Private debt is among the growing asset class of alternatives as investors seek alternative sources of income. Types of products can include corporate lending-bilateral, corporate lending-syndicated, PE sponsor-backed lending or real estate.

Advisers like the products as they generate attractive risk-adjusted returns, structural protection, and minimal mark-to-market volatility, Zenith said, but problems arise around its default risk and illiquidity.

Key considerations as to whether it will be suitable for a client’s portfolio include their asset allocation alignment, whether they are growth or defensive, and broader liquidity challenges.

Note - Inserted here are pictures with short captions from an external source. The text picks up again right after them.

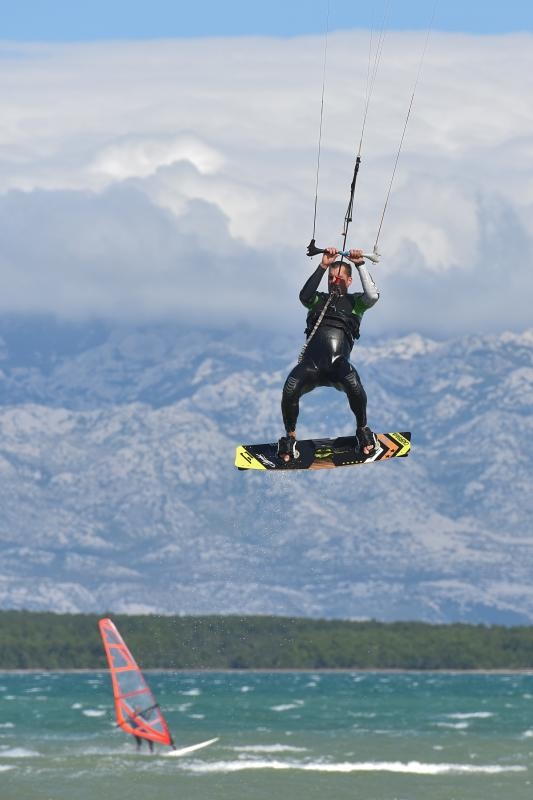 Jaka bura pružila je prigodu nekolicini kitesurfera da pokažu svoje umjeće na ninskoj plaži.  Photo: Dino Stanin/PIXSELL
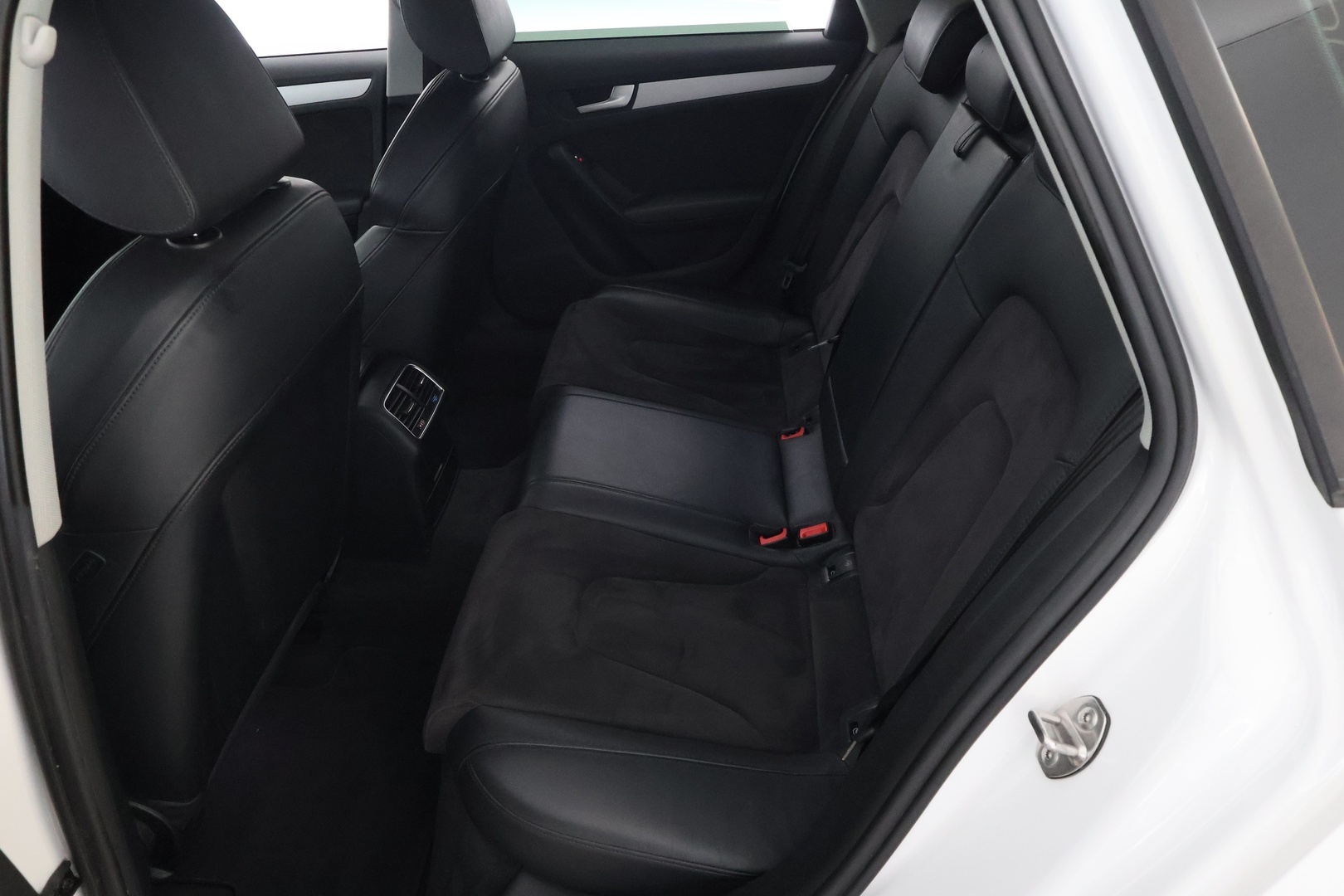 AUDI A4 2015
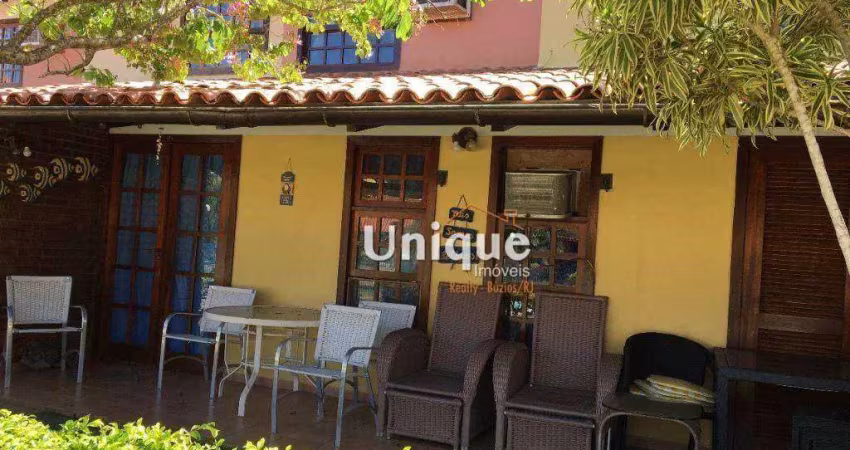 Casa duplex em condomínio fechado!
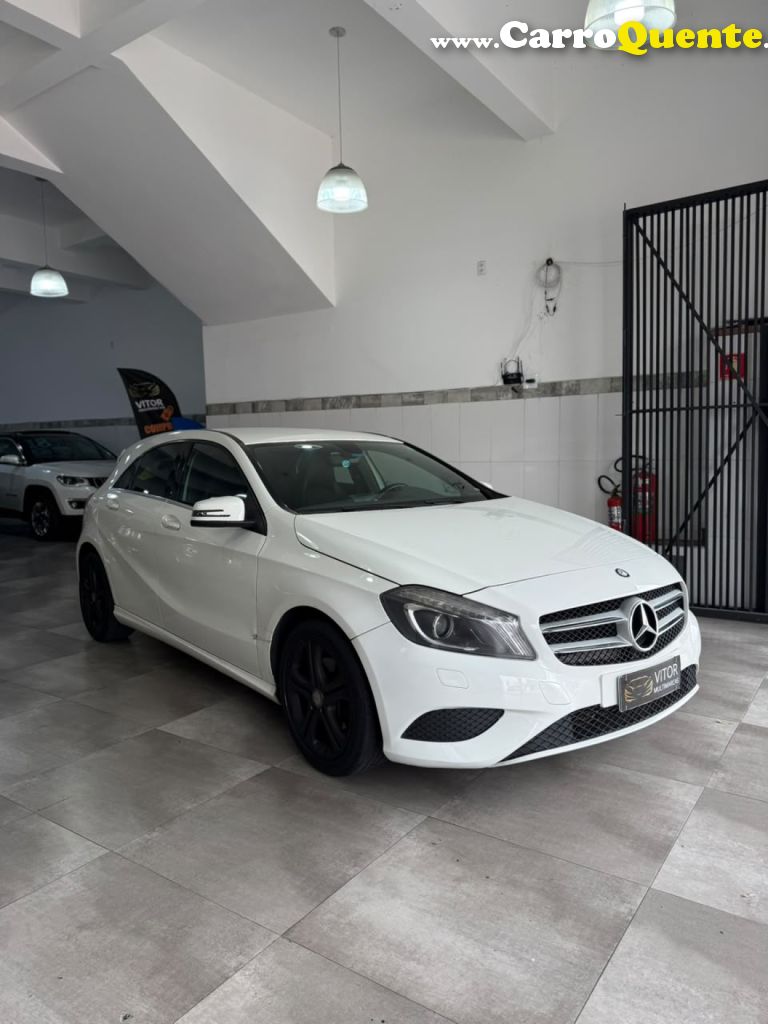 MERCEDES-BENZ   A200 TURBO   BRANCO 2014 1.6 GASOLINA - Loja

Rodney Sebire, head of alternatives and global fixed income at Zenith, said: “Including a private debt fund in a client’s portfolio is complex as it involves identifying the expected risk/return, performance in negative equity environments, and alignment to the client’s growth or defensive allocation. The reliability of cash distributions and regular access to capital are key considerations. What if a manager were to freeze redemptions, would this create asset allocation imbalances and broader liquidity challenges?”

Another topic that advisers need to consider is the subject of fees as these may be higher than clients are used to paying for other assets. He said it is a topic examined by Zenith when considering a funds’ inclusion in the Approved Product List as there is no uniformity yet in disclosure practices by managers.

“Fees and costs have always been a murky topic, with many funds not subject to the RG97 fee disclosure regime. The payment or collection of fees across managers varies significantly, including the types of fees charged and the beneficiary of those fees. Managers may retain a portion of the borrower-paid margins or penalty interest. In many instances, the costs of a private debt fund exceed 2 per cent per annum, subject to the type of lending and a manager’s approach to sharing lending fees with investors. 

“This remains a key focus area for Zenith and an area where we are yet to gain complete comfort (apart from a small number of institutional quality managers that we have on our Approved Product List), noting that the universe has yet to achieve uniformity in terms of disclosure practices.”

Earlier this year, alternative asset manager HMC Capital acquired private real estate debt manager Payton Capital to establish a private credit platform, while Pengana Capital Group raised $160 million in its IPO for its Global Private Credit Trust.